Both plugin kinds sit behind a tenant install table (tenant_agent_runtime_installs, tenant_connector_installs) managed by ITenantAgentRuntimeInstallService / ITenantConnectorInstallService. A plugin registered in DI is available to the host; an install row makes it visible to a given tenant. Bootstrap seeds default-tenant installs for every registered plugin; subsequent lifecycle goes through the install service.

Credential-health wiring

Plugins that authenticate via HttpClient MUST wire AddCredentialHealthWatchdog(kind, subjectId, secretName) onto their named client (see § 15). For agent runtimes, credential probing runs inside the unit's chosen container via the UnitValidationWorkflow — runtimes expose GetProbeSteps(config, credential) and the workflow dispatches probes per execution image. For connectors, the accept-time path remains POST /validate-credentialIConnectorType.ValidateCredentialAsync.

Adding a new plugin

  1. Create src/Cvoya.Spring.<Kind>.<Name>/ with a single DI-extension entry point. Reference Cvoya.Spring.Core (runtimes) or Cvoya.Spring.Connectors.Abstractions (connectors) only.
  2. Implement the contract; wire the credential-health watchdog on any HttpClient that authenticates.
  3. For runtimes, ship a seed.json. For connectors, document the typed routes exposed via MapRoutes in the project README.md.
  4. Register the DI extension from Program.cs in the host. No changes to the dispatcher project are required — the install surface, registry, and bootstrap pick up the new plugin automatically.

17. Documentation

Docs describe shipped behaviour

docs/concepts/, docs/guide/, docs/architecture/, top-level README.md, and every packages/*/README.md describe the system as it exists in the current codebase. Every "this works" / "this exists" / "this returns" claim corresponds to a verifiable surface — a function, an endpoint, a CLI verb, a YAML key — that a reviewer can grep for.

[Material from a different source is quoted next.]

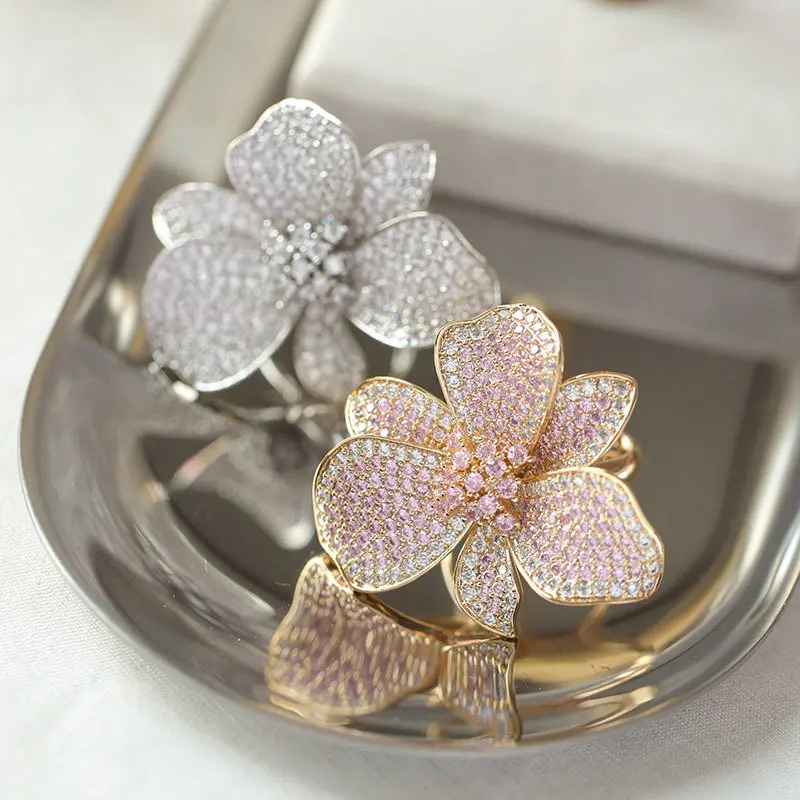 1pc Flower Shaped Finger Rings Full-jewelled Luxury Resizable Finger Ring Handmade Fashion Jewelry for Party Banquet Gift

The existing docs-evergreen-framing CI gate enforces that docs/ never references outdated version labels (V2, V2.1). This convention operates at a higher level: content accuracy, not version tagging.

Aspirational content lives in docs/plan/ or under a Planned callout

Planned features, deferred work, and "we will eventually" framing belong in docs/plan/<release>/ (the per-release plan-of-record narrative). When aspirational content must appear in an in-place doc — e.g. a concept doc explaining the long-term shape — it uses a clearly-marked callout:

Planned (v0.2): … or … Not yet implemented:

The callout names the release or links the tracking issue. Bare "we plan to" prose without the callout is the failure mode this rule catches.

PR review verifies it

When a PR touches docs/concepts/, docs/guide/, docs/architecture/, top-level README.md, or packages/*/README.md, reviewers must verify:

  1. Every behavioural claim still matches an identifiable surface in the current codebase.
  2. Aspirational content uses the Planned callout described above — not bare future-tense prose.